EXERCISE PROMPT:
What you return must be every line below that includes the word "University".
AVAILABLE DATA START
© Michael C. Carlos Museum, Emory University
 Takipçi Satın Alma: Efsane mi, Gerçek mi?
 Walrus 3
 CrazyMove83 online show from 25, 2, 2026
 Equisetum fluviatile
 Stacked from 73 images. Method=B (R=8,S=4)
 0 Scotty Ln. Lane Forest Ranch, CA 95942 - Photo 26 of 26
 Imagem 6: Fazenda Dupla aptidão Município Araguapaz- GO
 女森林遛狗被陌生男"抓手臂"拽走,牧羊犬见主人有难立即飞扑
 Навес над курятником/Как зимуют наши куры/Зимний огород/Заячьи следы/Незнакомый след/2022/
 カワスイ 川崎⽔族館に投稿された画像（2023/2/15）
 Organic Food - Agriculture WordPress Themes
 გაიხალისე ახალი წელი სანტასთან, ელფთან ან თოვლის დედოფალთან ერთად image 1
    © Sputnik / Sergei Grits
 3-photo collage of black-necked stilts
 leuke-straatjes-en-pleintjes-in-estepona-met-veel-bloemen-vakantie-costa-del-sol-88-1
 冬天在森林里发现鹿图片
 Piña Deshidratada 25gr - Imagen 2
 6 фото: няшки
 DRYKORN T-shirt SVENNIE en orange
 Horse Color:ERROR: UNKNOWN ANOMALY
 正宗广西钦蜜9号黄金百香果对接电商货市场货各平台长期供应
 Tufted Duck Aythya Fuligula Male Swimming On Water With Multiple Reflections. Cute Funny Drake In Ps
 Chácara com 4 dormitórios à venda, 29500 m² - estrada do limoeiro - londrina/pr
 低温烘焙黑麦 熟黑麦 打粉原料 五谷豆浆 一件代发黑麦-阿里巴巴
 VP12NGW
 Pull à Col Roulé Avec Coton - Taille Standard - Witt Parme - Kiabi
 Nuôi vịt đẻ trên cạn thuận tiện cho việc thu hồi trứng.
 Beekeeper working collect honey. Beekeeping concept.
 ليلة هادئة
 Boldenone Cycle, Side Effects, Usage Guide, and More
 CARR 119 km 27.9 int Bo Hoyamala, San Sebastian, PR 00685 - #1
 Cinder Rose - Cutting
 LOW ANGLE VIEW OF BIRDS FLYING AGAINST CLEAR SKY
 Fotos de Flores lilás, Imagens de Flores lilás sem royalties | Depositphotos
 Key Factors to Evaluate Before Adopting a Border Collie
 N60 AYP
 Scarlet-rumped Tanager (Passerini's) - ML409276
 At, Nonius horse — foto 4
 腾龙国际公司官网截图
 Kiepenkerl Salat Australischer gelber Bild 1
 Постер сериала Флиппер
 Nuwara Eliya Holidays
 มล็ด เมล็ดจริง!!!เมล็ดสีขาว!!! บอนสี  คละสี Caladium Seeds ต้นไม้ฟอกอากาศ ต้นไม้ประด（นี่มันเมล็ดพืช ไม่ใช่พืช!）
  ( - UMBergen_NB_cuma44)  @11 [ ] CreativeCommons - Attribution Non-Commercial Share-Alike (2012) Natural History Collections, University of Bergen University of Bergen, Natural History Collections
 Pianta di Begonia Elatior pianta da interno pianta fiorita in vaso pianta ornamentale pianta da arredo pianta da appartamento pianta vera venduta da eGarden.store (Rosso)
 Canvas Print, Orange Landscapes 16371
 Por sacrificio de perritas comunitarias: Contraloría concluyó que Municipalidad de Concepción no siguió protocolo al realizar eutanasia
AVAILABLE DATA END
WRITTEN ANSWER:
© Michael C. Carlos Museum, Emory University
  ( - UMBergen_NB_cuma44)  @11 [ ] CreativeCommons - Attribution Non-Commercial Share-Alike (2012) Natural History Collections, University of Bergen University of Bergen, Natural History Collections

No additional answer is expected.